An Observation On The Basis Of Pathaan
- aadeshtheking06
- Jul 12, 2023
- 3 min read
Synopsis A RAW agent Pathaan has to race the clock to save the destruction of his country from an ex Raw Agent Jim.
SPOILERS AHEAD
Jim is shown to lose his family, both his wife and unborn child, who are killed right in front of him. We are made to understand deeply how Jim is affected by this and it is brought time and again. But when Pathaan utters the dialogue about soldiers, it brings in to question the portrayal of soldiers in the cinema. For decades the Indian soldier has been tropified, if I may be God if he exists, as a fiercely loyal soldier, one who is deeply commited to his country and despite the massive setbacks he faces in his life personally, goes on to defend the country, both literally and also by sacrificing his desires as a human.
But it is this very representation which is problematic in the sense that they are not shown by what they want to do but rather what they are expected to do. A soldier is expected to protect his country, in life and death, but often this death is something that I feel he doesn’t choose but is chosen for him. This is why I feel that stories that present the play for morality, in terms of good and bad and right and wrong should only be exemplified by the presentation and filming of stories that have taken place in reality. Fiction, as much as the freedom it gives, is ultimately the choices that the writer or ,auteur, so as to respect the 1st generation of the French New Wave, decides to make the characters in his story perform.
Of course there is no doubt that ultimately the film is a director’s medium to express his opinion, but to present those through a fictional story is to state an idea By taking a fictional character in a story and by making them act out, we weave a decision on the characters based on our own view. That’s needed. But the problem is, why not represent people like Jim in the lead role? If you are saying that people are ready to die for their own country or people betray their own country if humiliated, why not show people like Jim work against their own country but through other means, which I believe Force 2, another John Abraham lead film, did with its antagonist played by Tahir Raj Bhasin, as a son seeking vengeance for the humiliated death of his spy father, whom the nation had disowned.
What Pathaan does is, represent Jim in the complex way that he deserves but also ultimately shows him as a bad person because he is a person who went against his country. Why is that wrong? Isnt the anger of a beloved one something that hits us deeply so as to change our whole viewpoint as in Hey Ram, where Saket Ram went on a blind hate campaign against Gandhi due to the riots which killed his wife which he thought was instigated by Gandhi? Why is Jim even during his death humiliated as a bad soldier because he went against the country which disowned his wife? It is this reason that this so spectacularly made film, aesthetically, fails, not because Jim dies, but because Jim dies for something that the film deems as wrong and not because for something that is actually wrong which is the attempted plan of Jim to kill many of Delhi’s citizens as an act of terrorism against India.

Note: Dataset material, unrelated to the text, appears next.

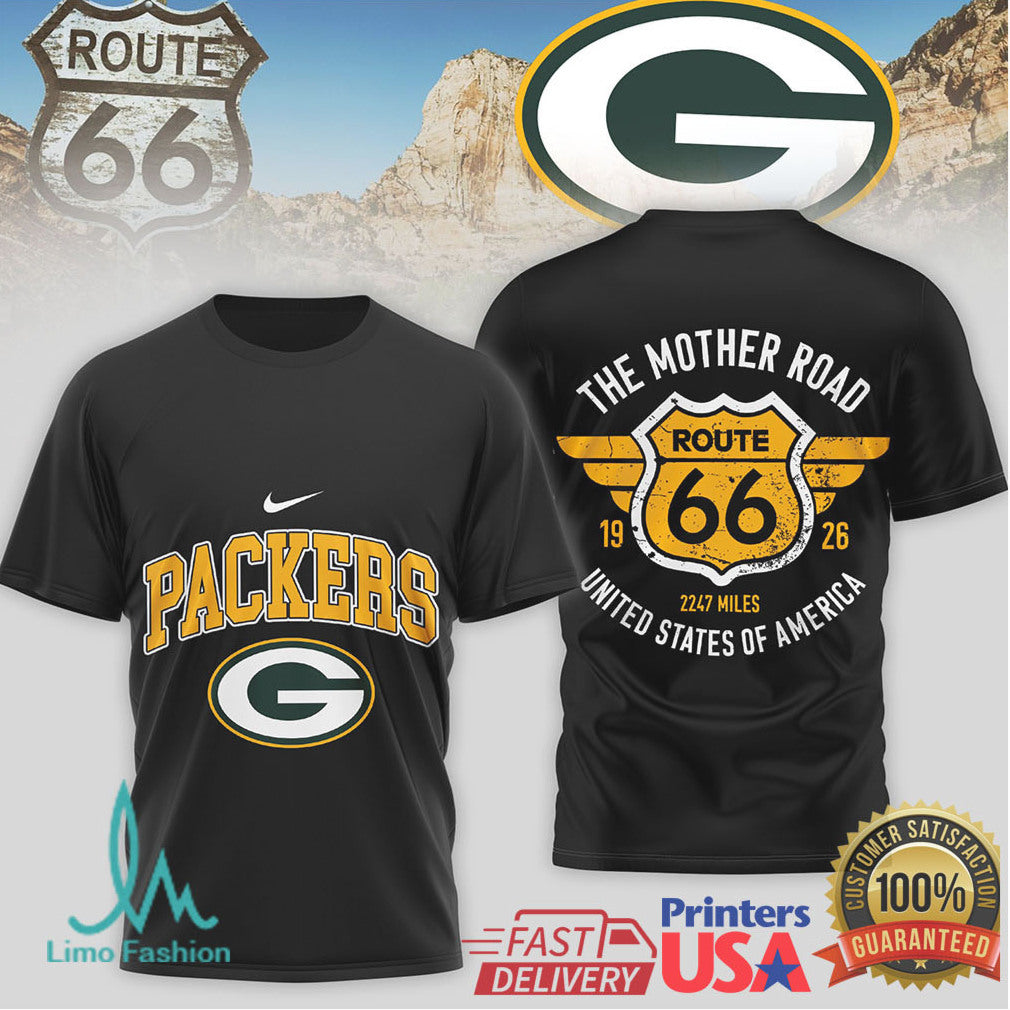 Green Bay Packers Official NFL Route 66 3D Shirt - Limotees LLC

Why not show us the stories of people who have gone against the country but still lived good lives? Sita Ramam also shows Vishnu, who gives up his country’s Army bases for his family’s safety. Maybe this film meant to have Vishnu be sad, but why not represent stories where such Vishnus live happily ever after.
Is it an attempt to stereotype people as fulfilling certain social criteria and being ultra leftist? Is capitalism ruining people’s lives bad? Absolutely. But have capitalists also been stereotyped to the point where even we are unable to believe if there is a good capitalist? This gross misrepresentation of people as being strictly good and bad through conventional society’s morality is the stifling part. Which is why stories like Kurup need to be shown.

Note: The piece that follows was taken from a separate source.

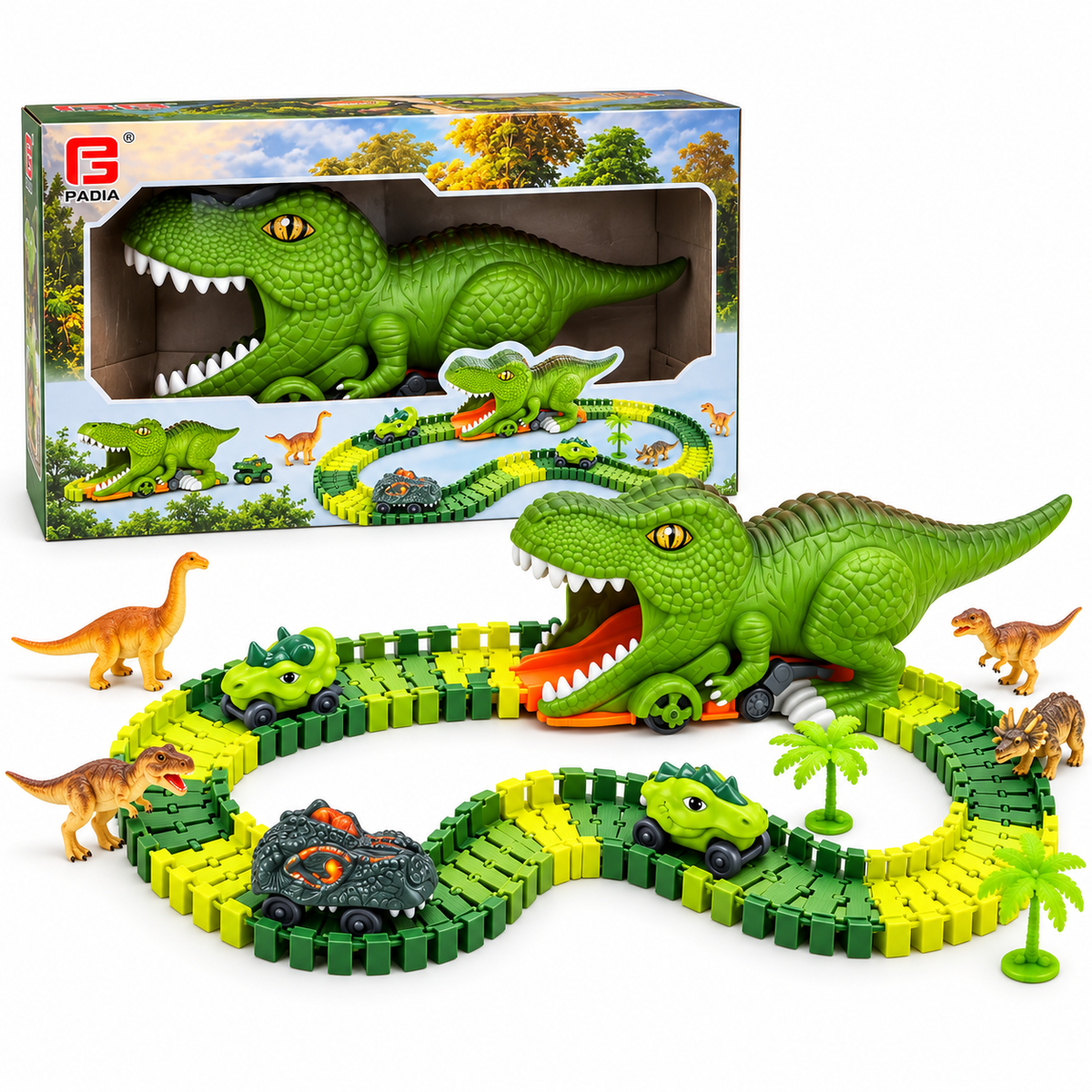 Pista de Dinosaurios T-Rex con Carritos 🦖 Circuito Flexible de Carreras y Aventura Jurásica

The representation of good vs bad through fiction is not the problem, but the very use of it in an escapist way, to suggest a utopia, robs people of the reality surrounding them, creating a cloud around them that robs of them of the very truth that cinema should have been showing them. When the manipulation of everything surrounding us has begun to deceive and prevent us from reaching the truth, It should be the cinema to raise to the occasion for the very depth it is able to portray of the human life.